2006: A-Rod hits 35 homers, makes All-Star Team, and hits .071 in playoffs as Yankees lose to Detroit. He develops a reputation -- fair or unfair -- as a postseason choker. He is booed.
2007: He wins his third MVP Award in five years with 54 home runs. He also goes on 60 Minutes to say that he never used steroids or any other performance-enhancing drug because, “I’ve never felt overmatched on the baseball field. I’ve always been a very strong, dominant position.”
At the end of the year, Rodriguez opts out of the richest contract in baseball history to go for an even richer one -- an announcement made right in the middle of Game 4 of the World Series between Boston and Colorado. Eventually, he signs a 10-year, $275 million deal making nobody on earth happy, except himself and his agent.
2009: Sports Illustrated reports that Rodriguez tested positive for performance enhancing drugs in 2003. Two days later, Rodriguez admits that he used steroids while in Texas because, essentially, he felt overmatched on the baseball field. But he’s quick to say he no longer feels that way and did not use when he was with the Yankees.
The Yankees win the World Series for the first time in almost a decade, and A-Rod hits .365 with six home runs in the postseason.
2010: A-Rod hits .190 in the playoffs. He is booed.
2011: A-Rod hits .111 in the playoffs. He is booed.
2012: A 36-year-old and obviously-injured Alex Rodriguez hits .120 in the postseason and is pinch-hit for twice and finally benched. Yes, of course, he is booed.
2013: The Biogenesis stuff. The injury stuff. The squabbling. At last check, it is being reported that Major League Baseball has evidence Rodriguez not only used PEDs but steered others toward it and tampered with the Biogenesis investigation.

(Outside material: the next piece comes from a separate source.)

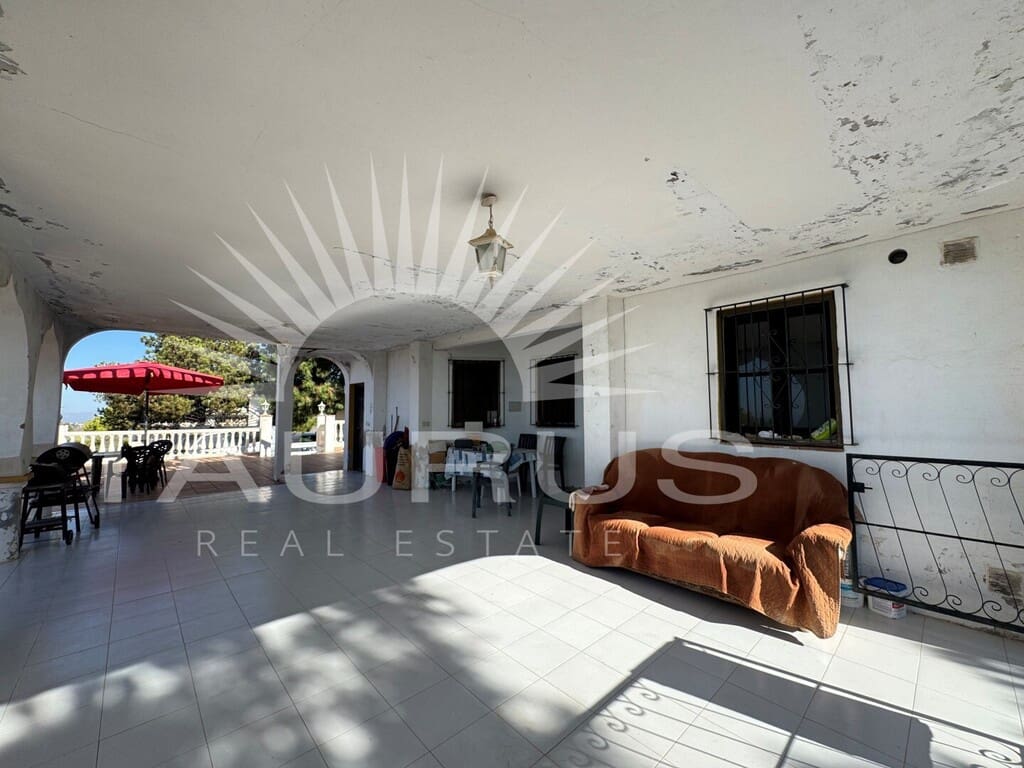 2 bedroom Villa for sale in Competa with pool garage - € 470,000 (Ref: 10008878)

The Yankees, stuck with an insane contract they never should have signed, want Rodriguez out. Major League Baseball, stuck with a player who is even more unpopular than Barry Bonds (at least HOMETOWN FANS like Bonds) want A-Rod out. Fans want him out, of course. Story after story advise him to get out. Baseball is reportedly threatening Rodriguez with a lifetime ban if he doesn’t leave quietly. There are conflicting reports about what Rodriguez will do, though the latest suggest that he will cut a deal to salvage as much of his contract and self-respect as he can. It seems the prudent move if MLB really has as much evidence as they suggest.
After all that, we are left with a shell of the superhero. There never was going to be a happy ending for Alex Rodriguez, but now (and this is true no matter where this goes from here) he is doomed to be discharged from the game as one of baseball’s all-time villains.
On that day in May, just more than a decade ago, Alex Rodriguez was unlimited. He was 26 years old. He was a brilliant defensive shortstop. He could draw “oohs” from the crowd by simply throwing a baseball across the diamond -- that’s how strong his arm was. He could run. He was a .300 hitter. He was seemingly invulnerable -- playing every day.
And he could hit fly balls that just kept going and going and going. He was as thrilling to watch as anyone. We will never know how much of that genius for baseball was his own talent and hard work and how much of it was in the chemicals he injected into his body. The sad part is that most people don’t care to know. They don’t care enough about him to think about it. They just want him to go away.